I saw that post when you wrote it. Noted for myself that you also got the results that Neutron and I got earlier. Noted also that you were going to sort out the High-Low stats for the equivolume bars, have been waiting for the results ever since. will they be ?

I had no illusions that switching to Equibar would make a revolution. If it were possible, this revolution would have taken place a long time ago - the idea lies on the surface. But the fact that it will make it possible to reveal any subtleties is quite conceivable. And it is often in the subtleties that the clues lie.

You're absolutely right, "that's not exactly what I asked". However, if you know an approach that will solve the problem, please share, pls. In my post on the last page, in the two quotes cited, the problem is formulated quite clearly, in my opinion.

By the way, pay attention to this thread 'Classification of trading systems and estimation of their value'. You don't seem to have been there yet, and without the problem you are trying to solve, all reasoning on that topic is constructing formulas from the ceiling.

 
Yurixx:

Noted also that you are going to sort out the High-Low stats for the equivolume bars, have been waiting for the results since then. Will they be ?

...

You're absolutely right, "that's not exactly what I was asking about". However, if you know an approach that will solve the problem at hand, then share, pls. In my post on the last page, in the two quotes cited, the problem is formulated quite clearly, in my opinion.

...

By the way, pay attention to this thread 'Classification of trading systems and estimation of their value'. You don't seem to have been there yet, and without the problem you're trying to solve, all reasoning on that topic is constructing formulas from the ceiling.

1. Of course they will. Just let me write it properly, this indicator. Hi-Lo statistics can easily be obtained by importing the necessary figures into Excel.

2. No, I don't know of such an approach. I haven't set out to get such a distribution theoretically yet.

3. I've been there and showed the author of this branch what absurdity his formulas show when applied to Better and TeamSky Expert Advisors. The main priority (and the most critical indicator) must be surely the strategy stability, not the profit factor (which Better has, by the way, is far from being ideal, but people are still fond of it).

If we talk about the super-task of strategy evaluation with synthetics, stability E could be measured, for example, depending on the estimate of probabilityp of killing the system on a certain time interval T for a given maximum drawdown D.

It is very similar that, all else being equal, p( k * T, D ) ~ k * p( T, D ) , i.e. the probability of killing the system on a 10-year interval is 10 times higher than that on an annual interval. Simpler is the same: the probability of survival of a system over k years is 1 - ( 1 - p ) ^ k ~ k * p for small p. So the test interval can be made standard (e.g. one year).

The dependence of this function on D is already much more individual. But here too we can try to approximate the dependence of the probability of death on D and again give some standard value of D - e.g. 20%.

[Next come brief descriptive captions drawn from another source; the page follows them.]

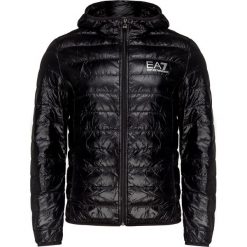 Kurtka EA7 EMPORIO ARMANI. Czarne płaszcze męskie EA7 Emporio Armani, l, z nadrukiem, z kapturem. Za 750,00 zł.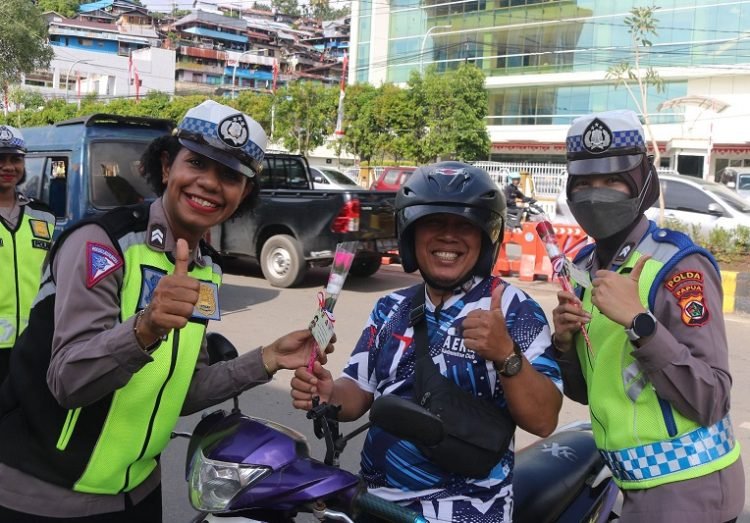 Sambut HUT ke-75, Polwan Polda Papua Turun ke Jalan Atur Lalulintas di Wilayah Rawan Macet  
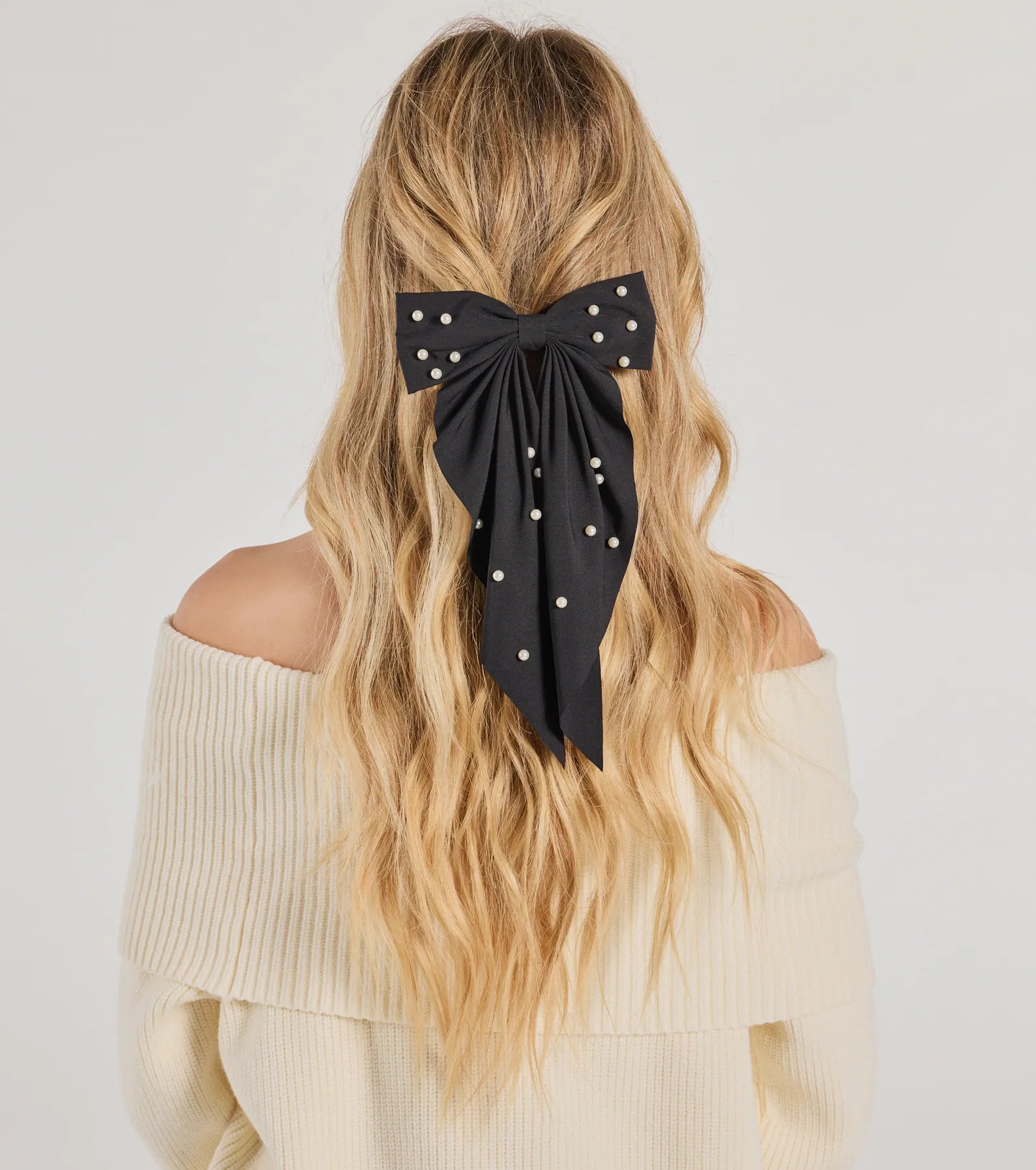 Ravishing And Chic Faux Pearl Hair Bow Barrette - Image 3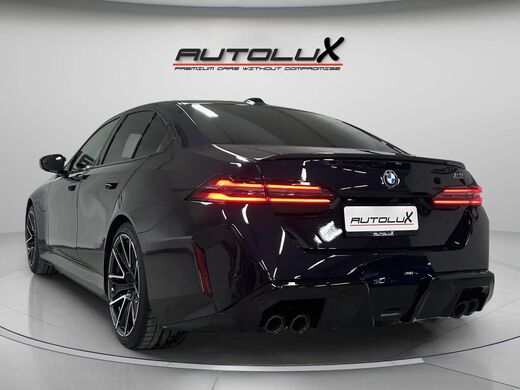 BMW M5 vaihtoauto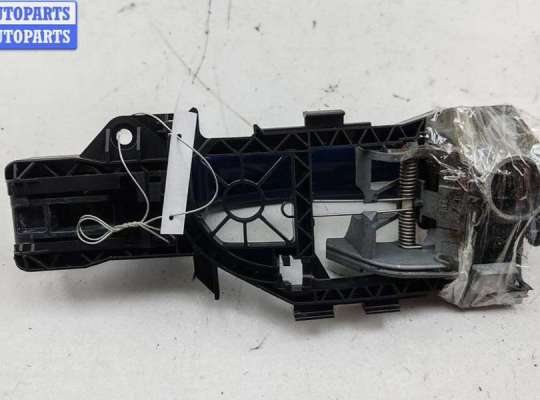 купить Ручка двери наружная передняя левая на Volkswagen Passat B6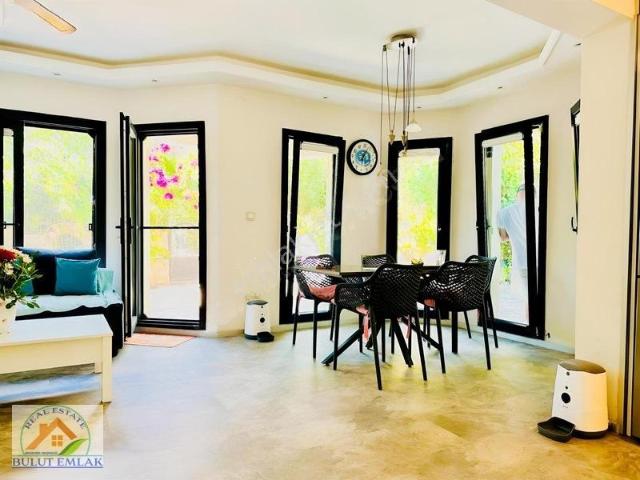 Ula, Muğla içerisinde satılık Villa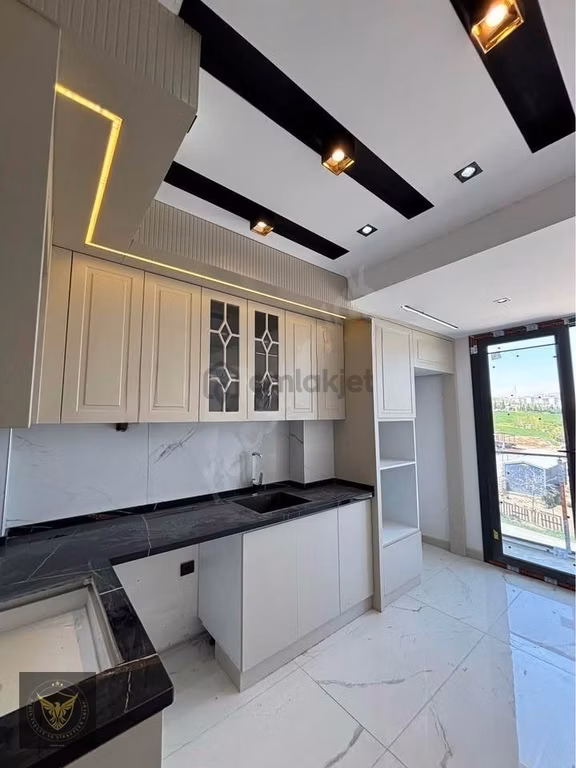 Beylikdüzü Yakuplu Mah. Hasırcılar Avm Arkası Şık Tasarımlı Ebeveyn Banyolu Arakat 2+1 Dairemiz 1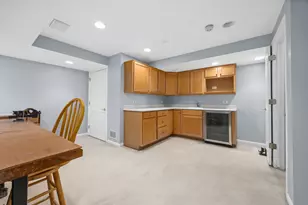 8100 Geneva St, Woodridge, IL 60517 - Photo 22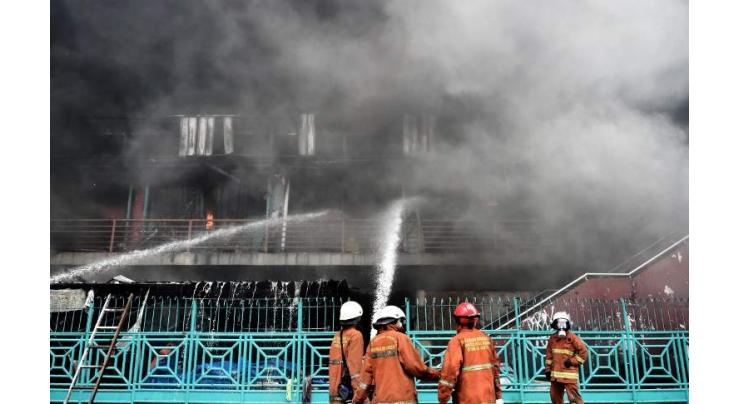 Massive fire engulfs historic Jakarta market 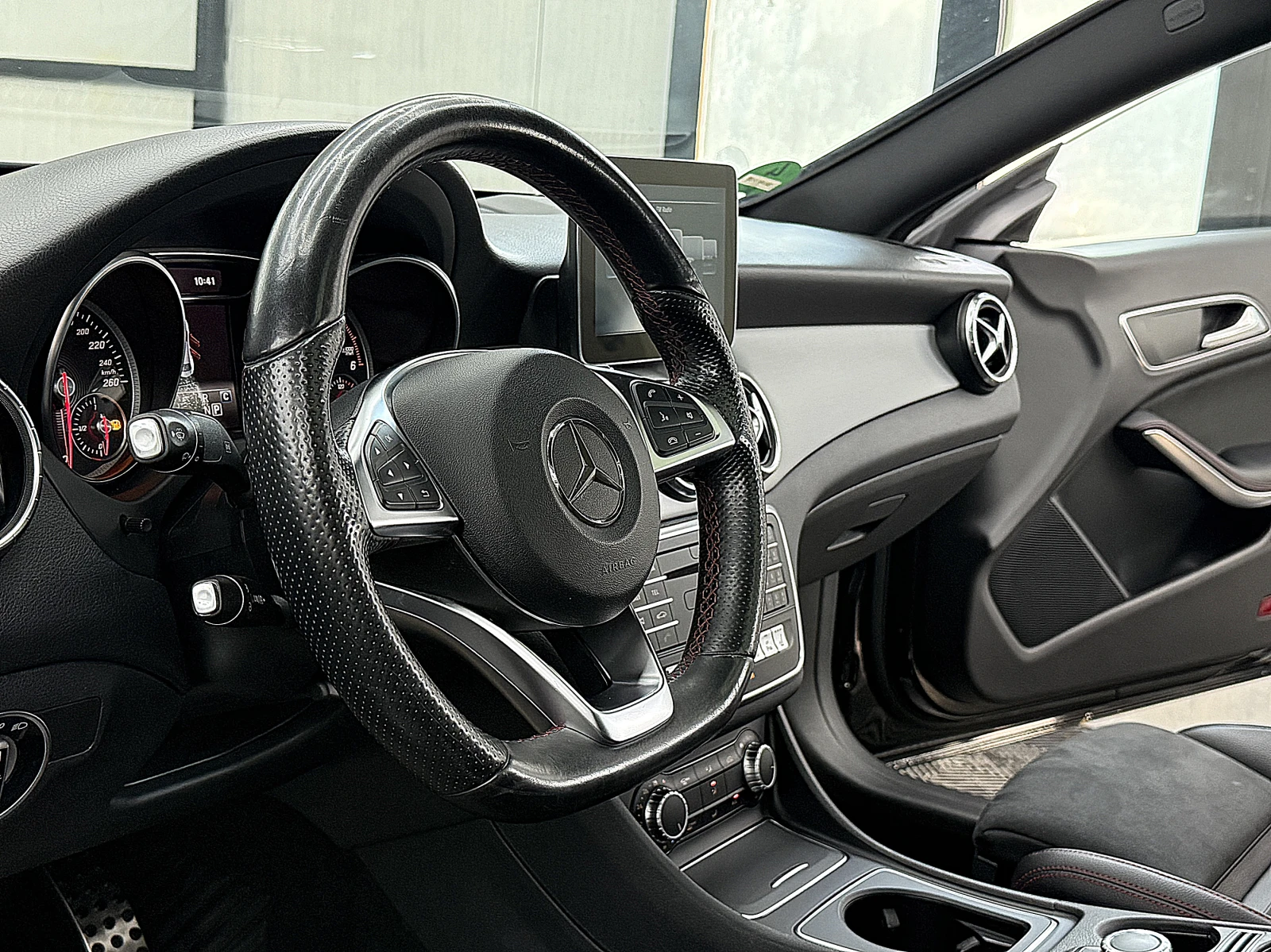 Mercedes-Benz CLA 220 AMG-line/PANORAMA/Keyless Go/СОБСТВЕН ЛИЗИНГ, снимка 12 - Автомобили и джипове - 54675059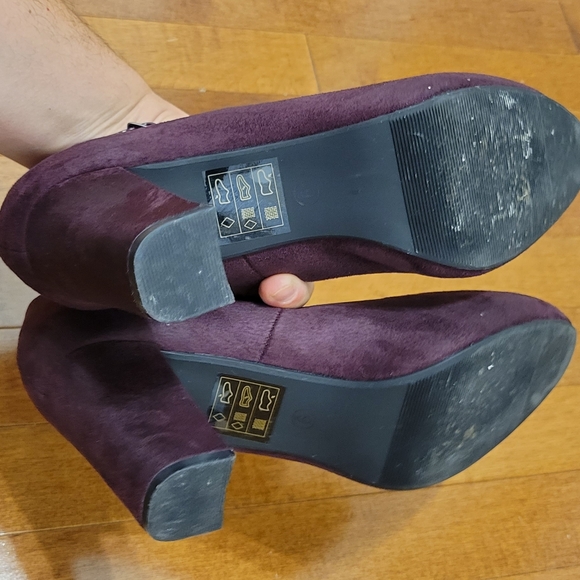 Women's heals - Picture 4 of 4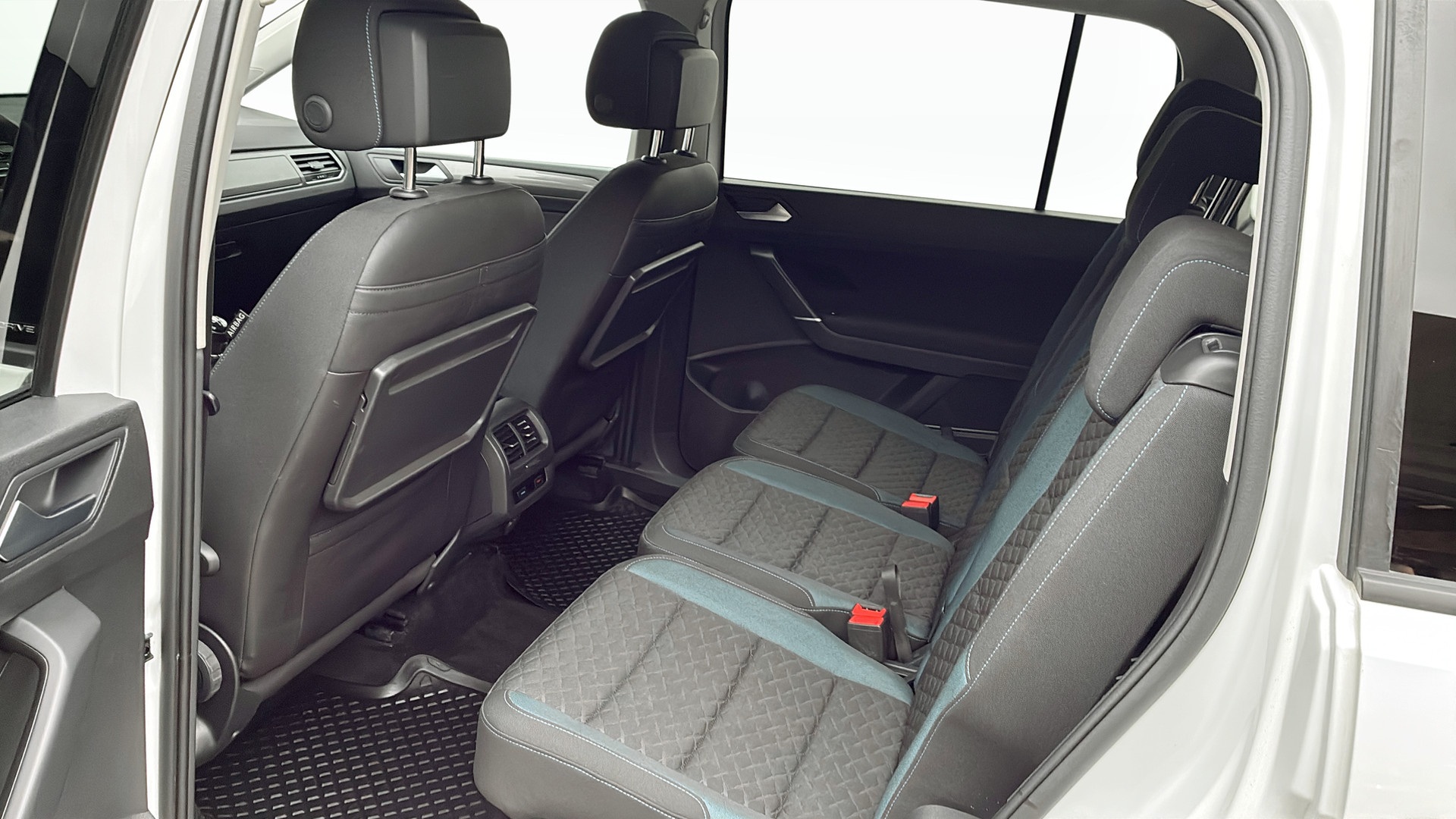 Volkswagen Touran RUG54A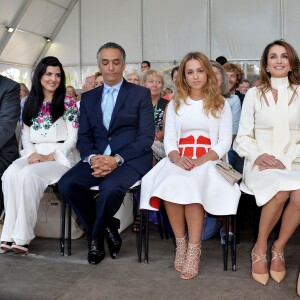 La reine Rania de Jordanie était invitée à s'exprimer le 26 août 2015 lors de l'ouverture de l'Université d'été du MEDEF à Jouy-en-Josas (Yvelines). Sa fille la princesse Iman, 18 ans, l'accompagnait.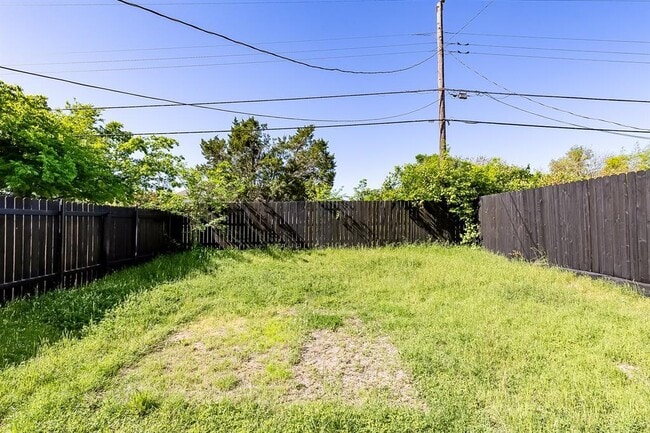 Building Photo - 1143 Orchard Park Cir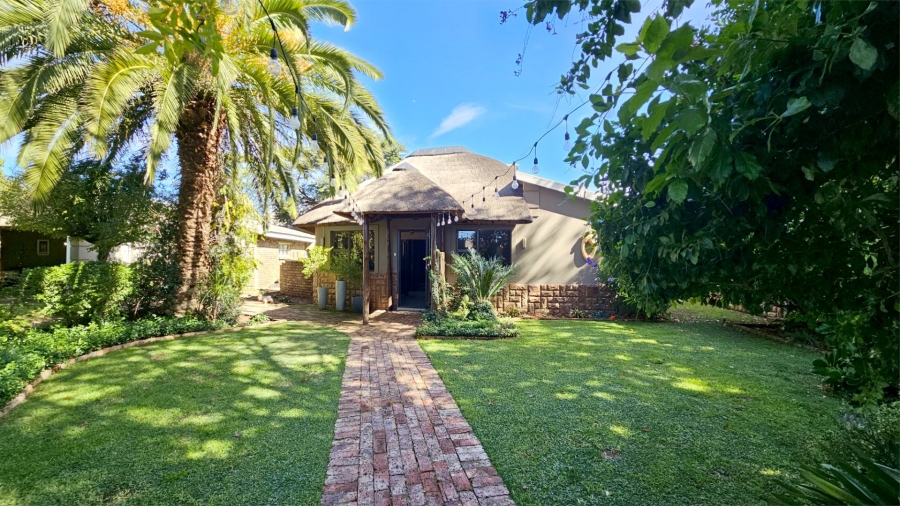 14 Bedroom Property for Sale in Mooilande Gauteng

Of course, this formula can be applied only if the preconditions are met - small enough p, decent expected payoff, etc. OK, let's say we have established what p equals for the system at standard T (year) and D (0.2). That would be P.

Well, the value of the system V may involve, say, our P and the recovery factor. And in general it is enough just to understand how a potential investor makes a decision. He assesses the risks and possible profits and makes a decision based on these figures.
 
Mathemat:

3. I've been there and showed the author the absurdity of his formulas when applied to Better and TeamSky Expert Advisors. The main priority (and the most critical indicator) should certainly be the strategy stability, not the profit factor (which, by the way, is far from ideal in Better, but people are delighted with it).


Ah, yes, I saw it, I read it. Sorry, forgot it was your post. :-)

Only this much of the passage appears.